Even on election night, Pauken led early balloting, building impressive precinct by precinct leads in the Highland Park and North Dallas sectors of the district. But then the later-reporting black boxes in South Dallas began to flow in, eventually providing Braecklein a 700-vote margin of victory. That, apparently, was not good enough for Pauken, who as of this writing is preparing to ask for an official recount and perhaps to file an official protest of the election. The young Republican will not be specific about allegations of irregularities, but says he feels certain enough of, at the minimum, voting machine malfunctions to pursue the matter further.

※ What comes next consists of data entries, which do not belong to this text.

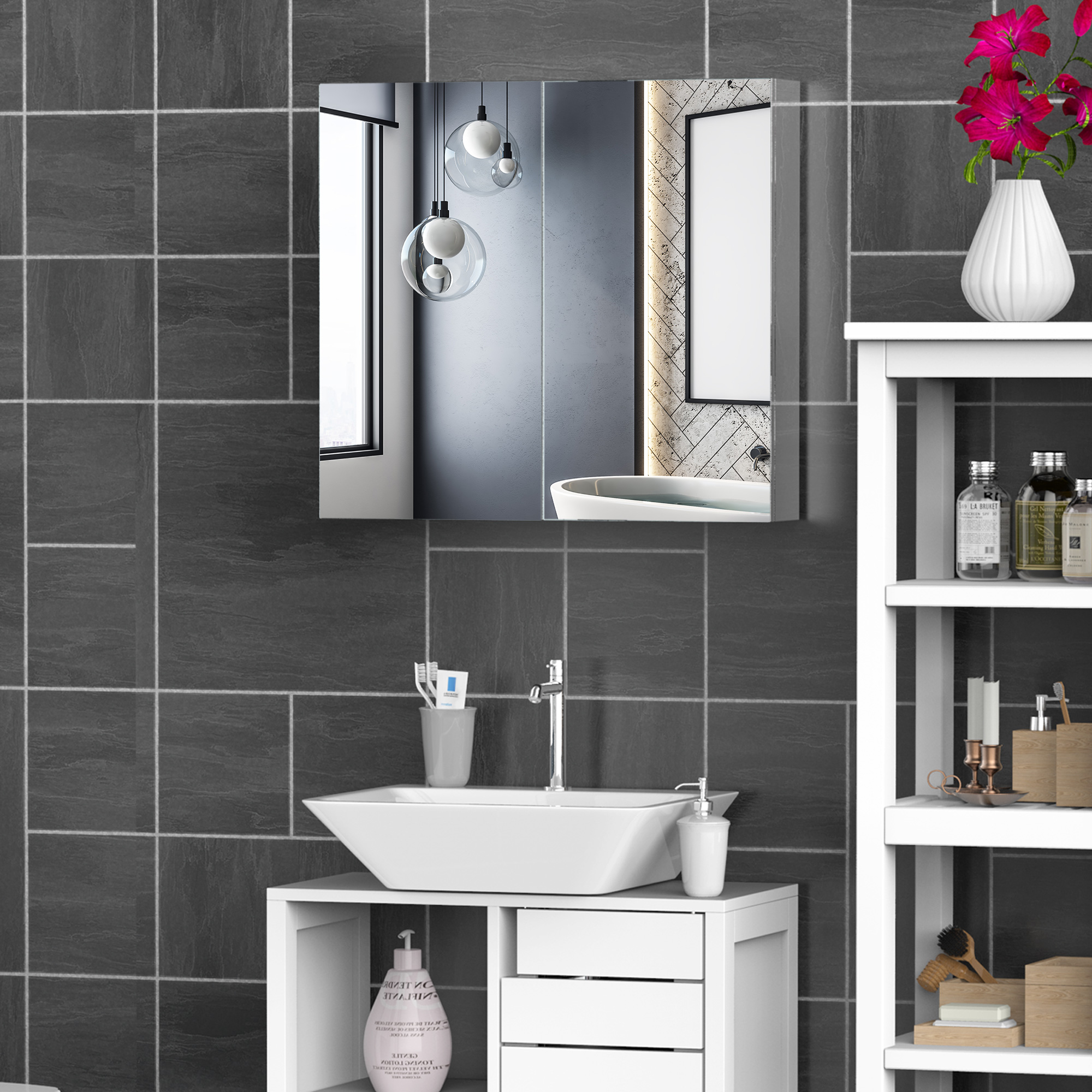 HOMCOM Spiegelschrank aus Edelstahl mit Regal für Badezimmer Toilette Wandmontage 60L x 12B x 55H cm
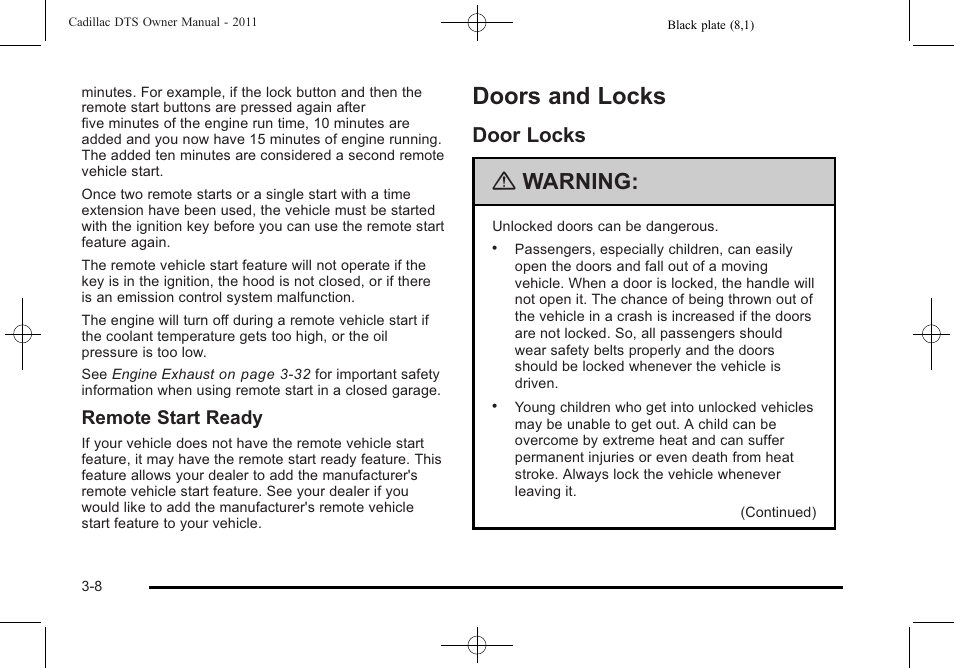 Doors and locks, Door locks, Doors and locks -8 | Door locks -8, Warning, Remote start ready | Cadillac 2011 DTS User Manual | Page 110 / 464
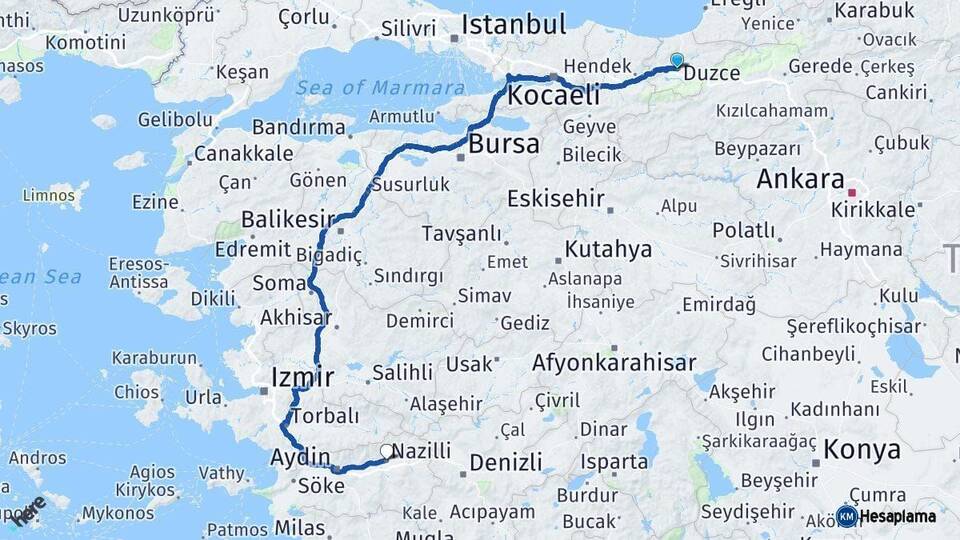Düzce Nazilli Aydın Arası Kaç Km - Yol Haritası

Among other notable GOP disappointments: Nancy Judy’s unimpressive showing against Democrat Jim Mattox in the Fifth Congressional District (Republicans had not held any illusions about Judy’s actually beating Mattox, but had privately hoped for a better GOP showing in the district to lay groundwork for Republican challenges in the future); Don Lucky’s failure to unseat Ron Clower in State Senate District 9 (another state house seat the Republicans felt they had a shot at); John Pillow’s mediocre showing against County Clerk Larry Murdoch (a race thought to be another prime opportunity for Republican inroads at the courthouse).

The Democrats had their failures too, though fewer in number, and of less impact. Ray Keller’s loss to incumbent legislator Frank Gaston in District 33-M must be regarded by Democrats as a major disappointment. Keller, a former aide to County Commissioner David Pickett, was an odds-on favorite to unseat Gaston, another of D Magazine’s legislative flunkees in 1975. But like the Republican Pauken, Keller simply could not pound on enough doors in the East Dallas-White Rock area district to offset Gaston’s two-term name identification. And the Democrats (and privately, some Republicans too) have to be disappointed at their failure to unseat Justice of the Peace Robert Cole, the highly-controversial conservative magistrate.

We pundits were not without our setbacks either. This magazine batted only .500 in our four local predictions, and of the seven legislators we flunked in our 1975 Legislative Report Cards, only one, Republican Al Korioth (a GOP primary victim), will not return to Austin this January.

About the only ones who emerged unscathed from this election were the pollsters, who displayed an uncanny scientific accuracy in forecasting the outcomes of most races. Virtually all of the national polls were well within their stated margins of error; Burns Roper, in fact, called the Carter win right on the money.

A colleague suggested the morning after the election that, “If those damned polls get any better, we won’t even need to hold an election in 1980.” Maybe, but Carl Thomas probably disagrees.